E’ stato finalmente sciolto dal Consiglio di Stato riunito in Adunanza plenaria n. 17 del 7 settembre 2020, indicando il corretto indirizzo giurisprudenziale da applicare rispetto ai tre che si erano formati da tempo sull’argomento.
Prima di proseguire: [ ARTICOLI ANNULLAMENTO PERMESSO DI COSTRUIRE ]
La fiscalizzazione del vizio e affidamento del privato prevista dall’art. 38 T.U.E.
L’articolo 38 del Testo Unico per l’edilizia pone una possibile soluzione da applicare in caso di annullamento del Permesso di costruire, quando non sia possibile rimuovere i vizi oppure la rimessa in pristino.
In altre parole si pone il problema di risolvere gli effetti derivanti dall’annullamento del titolo abilitativo, cioè quando non sia possibile:
- risolvere il vizio della procedura amministrativa, esempio con nuova emissione di Permesso di Costruire (in versione corretta)
- rimuovere l’opera o loro parti che hanno comportato l’annullamento del PdC.
La questione diventa spinosa sopratutto quando le opere e la costruzione oggetto di Permesso sono state avviate e addirittura completate.
Lo scopo dell’art. 38 è quello di offrire una possibilità di riparare un errore commesso nel rilascio del Permesso di Costruire, bilanciando l’interesse pubblico nel ripristino della legalità violata e il legittimo affidamento del privato.
Lo stesso articolo 38 non chiarisce la tipologia de vizi non rimovibili delle procedure amministrative, che potrebbero essere di due tipi, anche congiuntamente tra loro:
- formale o procedurale (es. non sono stati allegati documenti essenziali previsti dal Regolamento Edilizio);
- sostanziale (es. un intervento non ammesso dal Piano Regolatore);
Al netto dei tre indirizzi giurisprudenziali che analizzeremo dopo, l’articolo 38 del D.P.R. 380/01 prevede la possibilità di riparare la situazione di “stallo” applicando una sanzione pecuniaria (fiscalizzazione dell’abuso).

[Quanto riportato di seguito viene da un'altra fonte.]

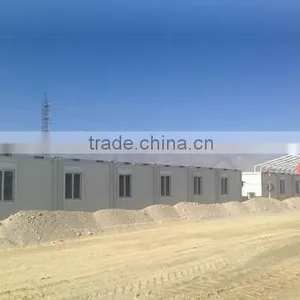 Prefab Shipping Container Homes for Sale/ Flat Pack Container House thumbnail-5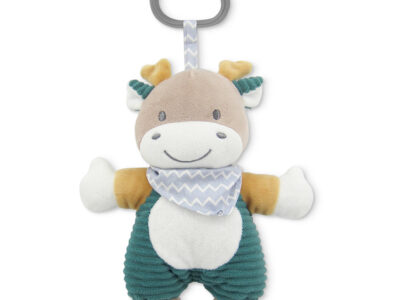 Μαλακό Παιχνίδι για Βρέφη Lorelli – Deer Blue Natural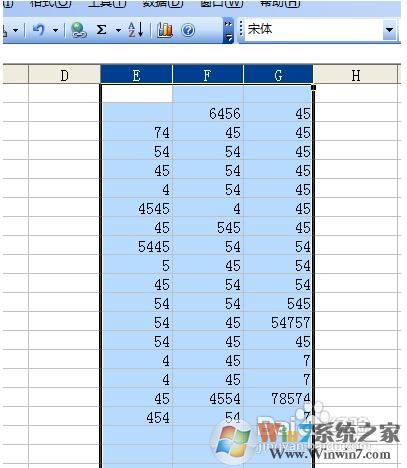 EXCEL隐藏了行和列怎么取消隐藏？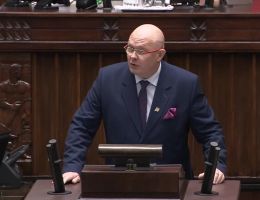 Poseł Michał Gramatyka - Wystąpienie z dnia 07 grudnia 2023 roku.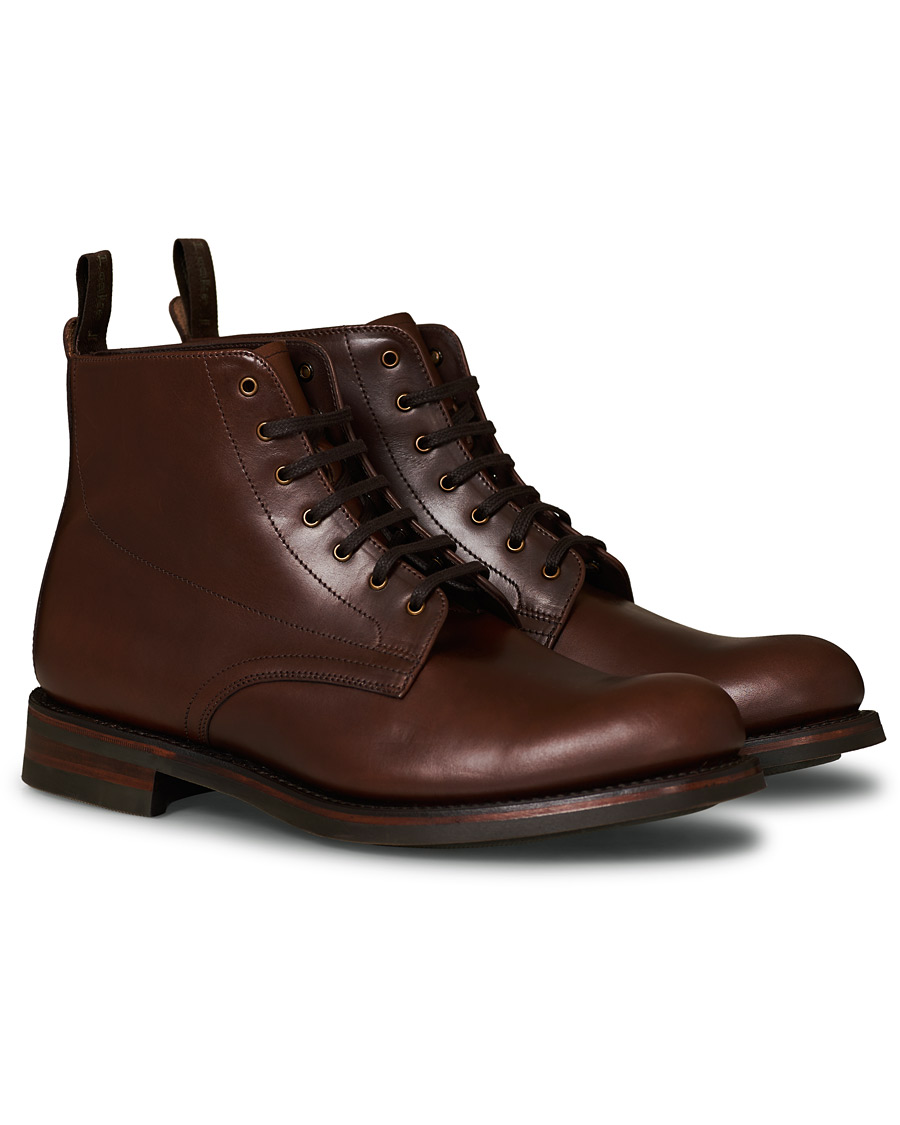Homme | Loake 1880 Hebden Boot Brown Chromexcel | Loake 1880 | Hebden Boot Brown Chromexcel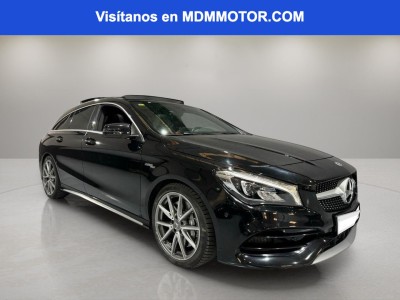 MERCEDES-BENZ Clase CLA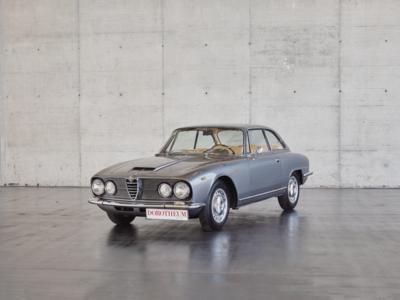1966 Alfa Romeo 2600 Sprint - Classic Cars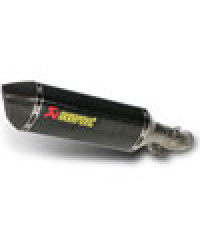 Pot d'échappement Akrapovic homologué SK10SO4HZC / SK10SO4HZT pour KAWASAKI ZX-10R (2008/2010)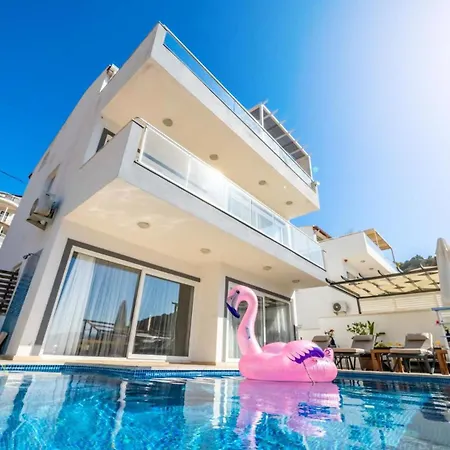 Angel - Harika Manzara Villa Kas
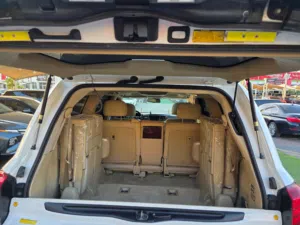 لكزس LX570 موديل 2009 خليجي رقم واحد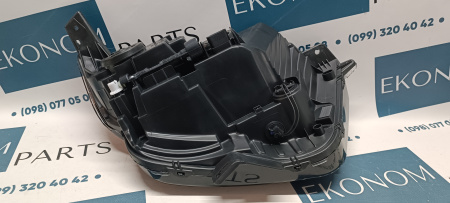 FT4Z13008A Фара черная левая USA Ford Edge 2015-2018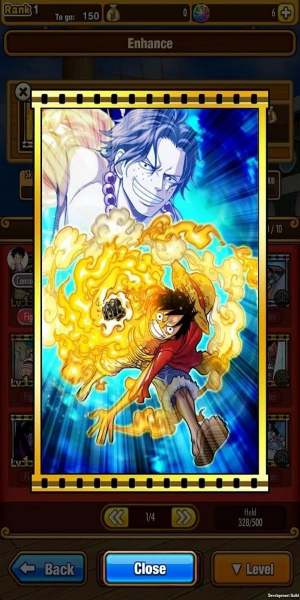 ONE PIECE Thousand Storm JP MOD ảnh chụp màn hình 2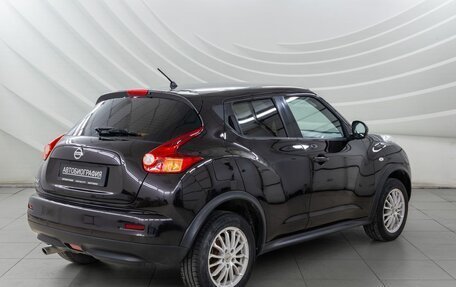 Nissan Juke II, 2013 год, 1 004 000 рублей, 7 фотография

Il comma 2 dell’Art. 38 dispone che il pagamento della sanzione pecuniaria produce i medesimi effetti del permesso di costruire ottenuto in sanatoria di cui all’art. 36 del D.P.R. 380/01. E tutto ciò si applica anche agli interventi edilizi rientranti o compiuti con la cosiddetta Super-SCIA, cioè la SCIA alternativa al P.d.C. (art. 23 comma 01 del TUE).

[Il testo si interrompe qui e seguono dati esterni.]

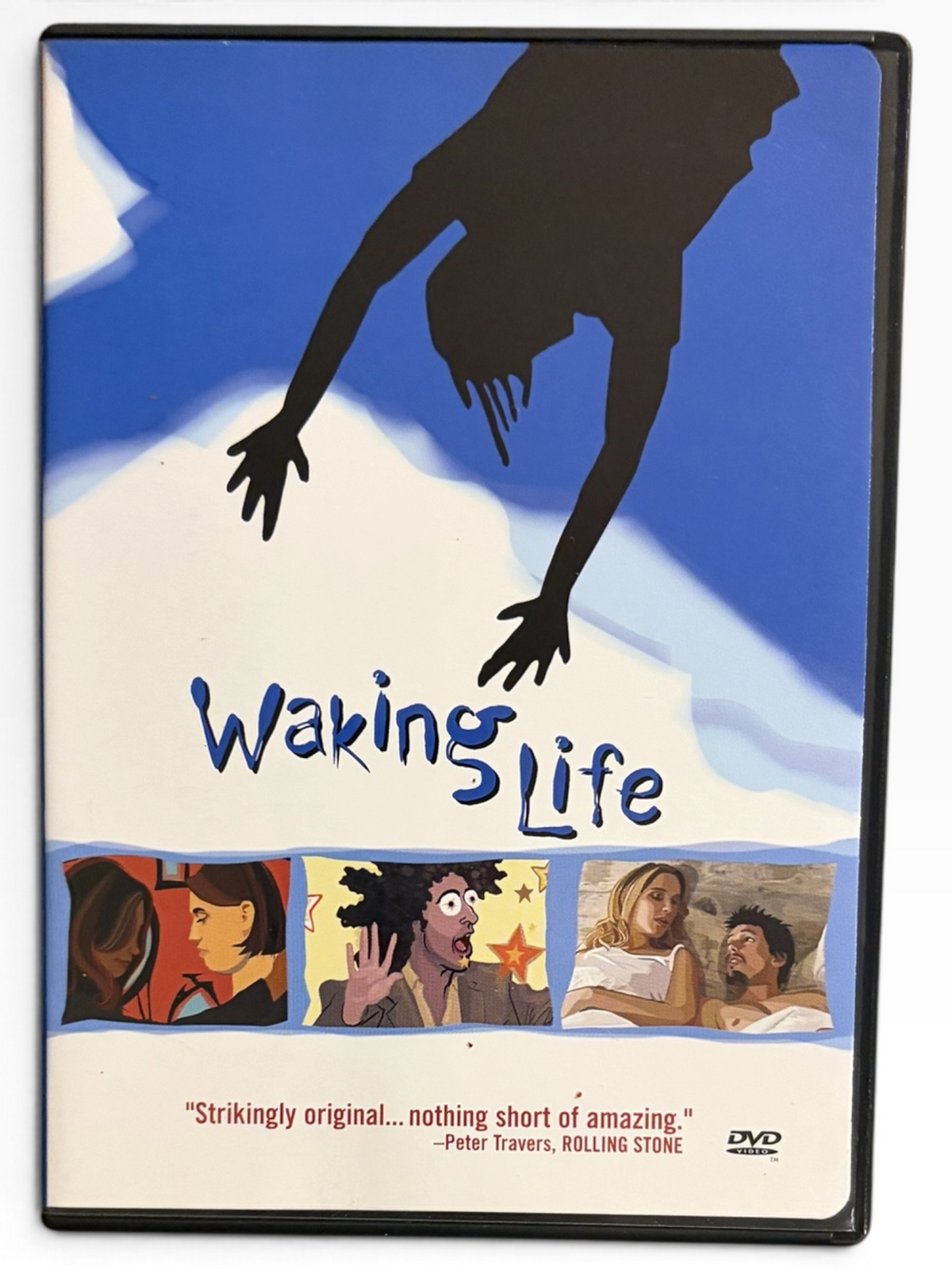 Waking Life (2001)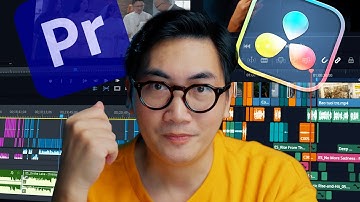 Premiere Pro vs Davinci Resolve - Những điểm mình thích và không| Làm Phim Cùng Nam Trịnh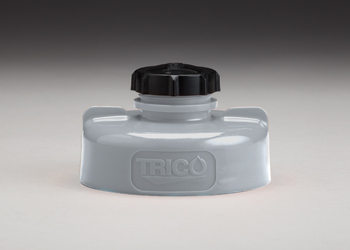 Trico Spectrum Pump Storage Lid Utility Cap Gray 34437 Image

La sanzione pecuniaria dell’art. 38 è pura fiscalizzazione per mancata demolizione o sanatoria edilizia ?
Per rispondere alla domanda è necessario introdurre i tre orientamenti giurisprudenziali che si sono formati, che corrispondono a tre scenari derivanti dalla combinazione delle possibilità.

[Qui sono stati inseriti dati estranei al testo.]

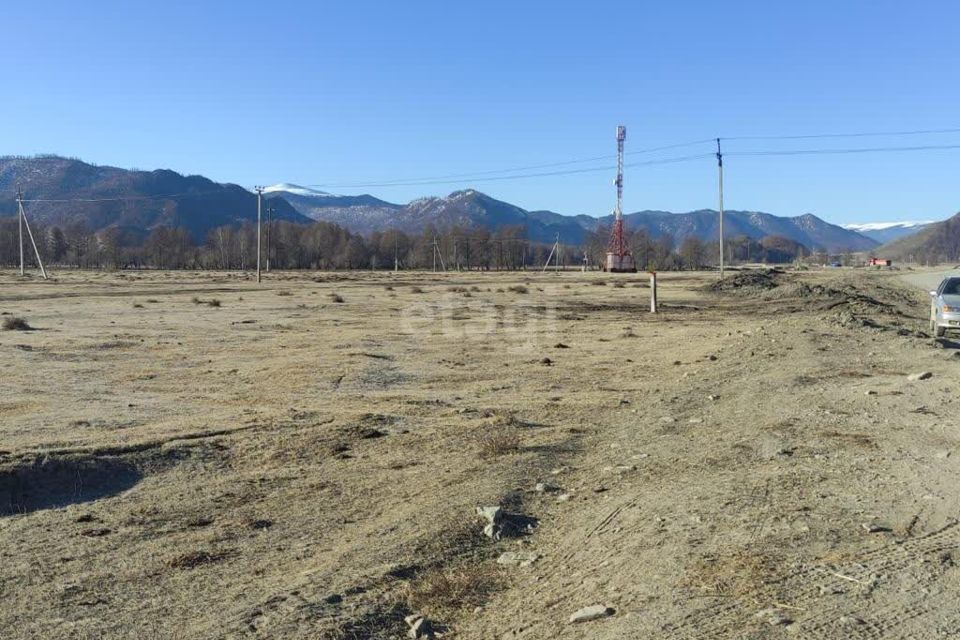 земля р-н Онгудайский село Каракол фото 3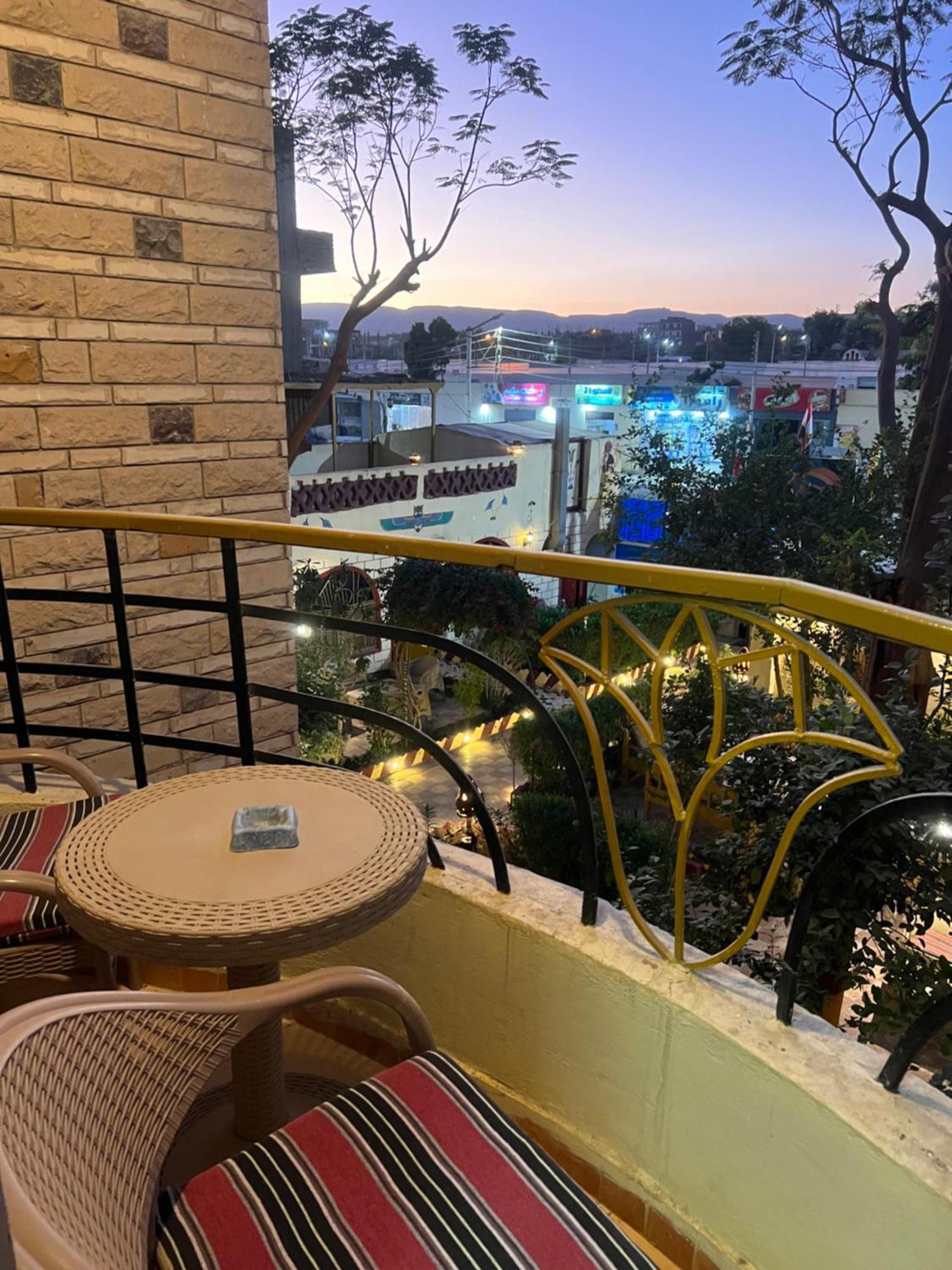Elphardous Hotel ลักซอร์ ภายนอก รูปภาพ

Prima di proseguire, ti preavviso che il termine “emendabile” che leggerai significa modificabile, o correggibile.
Primo scenario: Fiscalizzazione dell’abuso applicabile a vizi formali e/o sostanziali (estensivo e recente)
Questa ipotesi diventerebbe una sorta di particolare Condono edilizio , proprio perchè in grado di rendere regolare abusi edilizi di natura sostanziale (Cons. di Stato n. 5089/2019).
Secondo scenario: Fiscalizzazione dell’abuso applicabile soltanto per vizi formali o procedurali emendabili.(più risalente, nato dall’art. 11 L. 47/85).
Possibilità di fiscalizzare l’abuso soltanto per vizi formali o procedure amministrative emendabili (modificabili o correggibili a posteriori), escludendo qualsiasi ipotesi di vizi sostanziali e “condono” per abusi sostanziali (Cons. di Stato 1861/2016).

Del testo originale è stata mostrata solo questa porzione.